Western Price Survey / Archives
February 7, 2003
Last week's rains in the Pacific Northwest have given way to drier skies and lower temperatures, inducing spot prices higher at Western hubs. Rising fuel prices for electric generators encouraged the push, along with lowered output at several in-state power plants.
"We were waiting for the cold to come in and now it's finally here," said one trader.
Another market player said that last week's inflows on the lower Columbia River have since subsided, leaving some with renewed fears over a below-normal water year. Rain-free weather in the Northwest is expected to last into next week.
Power offers from the Bonneville Power Administration flipped around like a salmon: Peak supplies were available in quantities of 200 MW, 400 MW and 200 MW again as the week progressed. BPA's light-load offer started at 200 MW, fell to 50 MW midweek and ended at 100 MW for Sunday-Monday deliveries.
On the California Independent System Operator grid, the colder weather did not rouse load levels. Peak demand slipped from about 29,600 MW to approximately 29,200 MW midweek, then withered to 27,649 MW on Thursday evening. Projections for Friday were pegged at 28,297 MW.
What did increase, according to Cal-ISO reports, was the number of conked-out power plants. Capacity lost to generation curtailments ranged from about 15,500 MW to more than 18,000 MW.
Diablo Canyon No. 2, which has been in coastdown mode to conserve fuel, ramped down completely early this week to enter a 30-day refueling shutdown. At the San Onofre Nuclear Generating Station, unit 2 suffered a reactor trip Saturday morning at 3 am but ramped to full power by Monday. According to Nuclear Regulatory Commission reports, SONGS No. 2 was operating at 85 percent of capacity early Monday.
Arizona Public Service's Four Corners No. 4 unit, down earlier in the week for scheduled maintenance, returned to about half its 750 MW capacity on Wednesday. Duke's 337 MW Morro Bay No. 3 unit is still off line. Pacific Gas & Electric's 260 MW La Paloma No. 4 plant, out of service for most of the week, returned to the market for Friday.
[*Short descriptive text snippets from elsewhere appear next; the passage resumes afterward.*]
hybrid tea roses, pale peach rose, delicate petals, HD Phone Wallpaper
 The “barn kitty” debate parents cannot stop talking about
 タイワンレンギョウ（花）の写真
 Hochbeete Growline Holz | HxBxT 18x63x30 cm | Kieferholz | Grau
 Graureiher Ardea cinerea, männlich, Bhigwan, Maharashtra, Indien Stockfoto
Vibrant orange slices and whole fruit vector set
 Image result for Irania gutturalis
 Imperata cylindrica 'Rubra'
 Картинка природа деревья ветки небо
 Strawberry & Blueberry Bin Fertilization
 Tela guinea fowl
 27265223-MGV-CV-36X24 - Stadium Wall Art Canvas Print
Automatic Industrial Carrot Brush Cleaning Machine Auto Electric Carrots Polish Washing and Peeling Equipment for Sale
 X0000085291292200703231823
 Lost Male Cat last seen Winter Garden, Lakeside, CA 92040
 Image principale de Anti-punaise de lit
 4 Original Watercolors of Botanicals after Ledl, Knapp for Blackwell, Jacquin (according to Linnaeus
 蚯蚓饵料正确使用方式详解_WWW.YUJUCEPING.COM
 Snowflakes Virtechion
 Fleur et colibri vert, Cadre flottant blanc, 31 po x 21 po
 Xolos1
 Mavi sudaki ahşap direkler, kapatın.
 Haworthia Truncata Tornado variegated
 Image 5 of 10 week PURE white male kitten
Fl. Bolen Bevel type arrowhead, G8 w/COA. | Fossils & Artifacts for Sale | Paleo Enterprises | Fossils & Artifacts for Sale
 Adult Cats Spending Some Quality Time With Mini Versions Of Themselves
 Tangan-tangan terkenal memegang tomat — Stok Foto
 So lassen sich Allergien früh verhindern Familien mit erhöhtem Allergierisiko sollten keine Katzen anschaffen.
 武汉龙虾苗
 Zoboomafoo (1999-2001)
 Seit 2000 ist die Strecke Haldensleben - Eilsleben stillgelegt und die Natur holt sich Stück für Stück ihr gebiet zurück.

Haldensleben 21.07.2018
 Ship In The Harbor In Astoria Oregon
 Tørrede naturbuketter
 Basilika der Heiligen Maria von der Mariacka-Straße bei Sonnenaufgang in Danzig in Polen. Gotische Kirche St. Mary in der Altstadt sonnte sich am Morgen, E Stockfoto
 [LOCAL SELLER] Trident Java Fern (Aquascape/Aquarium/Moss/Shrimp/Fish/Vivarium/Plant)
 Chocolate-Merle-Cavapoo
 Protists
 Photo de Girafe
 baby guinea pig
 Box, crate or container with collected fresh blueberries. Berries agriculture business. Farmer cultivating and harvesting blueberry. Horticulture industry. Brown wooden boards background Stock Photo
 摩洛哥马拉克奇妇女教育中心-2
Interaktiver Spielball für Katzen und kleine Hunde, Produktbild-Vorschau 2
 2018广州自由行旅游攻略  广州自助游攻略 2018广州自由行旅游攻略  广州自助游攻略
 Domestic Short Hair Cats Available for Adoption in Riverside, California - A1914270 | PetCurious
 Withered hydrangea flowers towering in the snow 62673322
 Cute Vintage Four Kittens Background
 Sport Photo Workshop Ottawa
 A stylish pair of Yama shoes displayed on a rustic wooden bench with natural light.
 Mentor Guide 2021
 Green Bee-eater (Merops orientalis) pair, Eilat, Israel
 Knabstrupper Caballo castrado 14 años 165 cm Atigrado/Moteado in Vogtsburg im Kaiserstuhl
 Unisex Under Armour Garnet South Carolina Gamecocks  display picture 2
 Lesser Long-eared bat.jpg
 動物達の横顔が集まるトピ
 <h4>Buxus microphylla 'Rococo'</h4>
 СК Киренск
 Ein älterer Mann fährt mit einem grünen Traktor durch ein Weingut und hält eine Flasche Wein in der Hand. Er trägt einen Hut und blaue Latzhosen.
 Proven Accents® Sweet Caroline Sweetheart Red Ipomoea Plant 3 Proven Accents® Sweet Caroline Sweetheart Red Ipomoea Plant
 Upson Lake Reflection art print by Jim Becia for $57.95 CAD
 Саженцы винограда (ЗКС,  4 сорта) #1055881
Prices at several Western hubs broke through 50 mills/KWh, with Mid-Columbia the exception. Peak power at Mid-C fetched as much as 48.95 mills and supplies at the California-Oregon border drew up to 50 mills/KWh. Heavy-load prices at SP15 outpaced other hubs at a high of 55.5 mills/KWh. Premiums at NP15 ranged from 46 mills to 53.75 mills/KWh, and peak prices at Palo Verde climbed to 54 mills/KWh.
By Friday, off-peak prices streaked to almost 50 mills/KWh, rising between 5 mills and 9 mills/KWh from Thursday trades. Mid-Columbia prices soared to 47.5 mills, and COB premiums rumbled to 49.5 mills/KWh.
At the Alberta power pool, real-time prices held steady, despite a spike to 315.64 mills for one peak hour and a sky-high 223.59 mills/KWh for one off-peak hour. Loads were fairly moderate, ranging from about 6,400 MW to approximately 8,100 MW [Jason Mihos].
Gas Gunning for Six-Dollar Range
February has rolled in with a chill and an appetite for stored gas, and traders rode those conditions all the way to the bank this week. Prices for bilateral deals were well above $5/MMBtu at several Western hubs, and gas at the Permian Basin traded for as much as $6.02/MMBtu on Friday. NYMEX futures also traded higher throughout the week, keeping spot prices on the rise.
Strangely, gas prices backed off somewhat on Thursday, when the Energy Information Administration reported that supplies in storage had decreased by 208 Bcf compared to the previous week. Nationwide, gas stocks totaled 1,521 Bcf, a steep drop from the 2,332 Bcf on hand for the same period in 2002.
By Friday, prices resumed their climb.
At the San Juan Basin, prices did not keep up with neighboring Permian but were active in their own right, trading between $4.57 and $5.25/MMBtu. Gas at the Southern California border was priced over $5 for most of the week, dipping to $4.90 and running up to $5.45/MMBtu.
Prices had another strong week at Pacific Gas & Electric's CityGate, moving from $5.10 to $5.44/MMBtu. Malin gas peaked at $5.27/MMBtu.
Supplies at the AECO hub in Canada eclipsed $5 briefly midweek but mostly traveled between $4.70 and $4.90/MMBtu [J. M.].